To Preserve from Desecration the Remains of 6000 Immigrants Who died of Ship Fever A.D. 1847-48 This Stone is erected by the Workmen of Messrs. Peto, Brassey and Betts Employed in the Construction of the Victoria Bridge A.D. 1859″ (inscription on the rock)
They were buried in mass graves in and around the area. Indeed it is believed to be the largest single Irish gravesite outside of Ireland.
A decade later as the contractors built the still standing Victoria Bridge for the Grand Trunk Railway, they erected the huge black rock as a memorial at the entrance to bridge and atop what is believed to be one of the mass graves.
The memorial however has been difficult to get to as it sits on a narrow median between the two busy roadways to and from the bridge.
The local Irish community has long lobbied for a park space for the memorial as a suitable and easier access site to commemorate those thousands of lost lives.
With plans to develop a light rail station in the area the effort has gained momentum as the stone is only a short distance from one of the pylons supporting the railway will be located a short distance away.
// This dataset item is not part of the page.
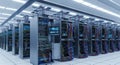 Vast server farm with rows of advanced computing racks and blinking lights Royalty Free Stock Photo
Indeed as the large tube-like hole was created, the bone fragments of some 14 people were found in just that tiny area along with fragments of wood believed to be from coffins.
In 2017 a nearby parcel of industrial land was purchased by Hydro Quebec for a substation, and it was thought the area sought by The Irish Memorial Park group was lost. However, the group and Hydro Quebec are now working towards setting aside a small parcel or that the city might relocate a road and ii is hoped that a small park like area can be set aside for the stone and to the memory of those thousands of hopeful Irish immigrants who succumbed to typhus.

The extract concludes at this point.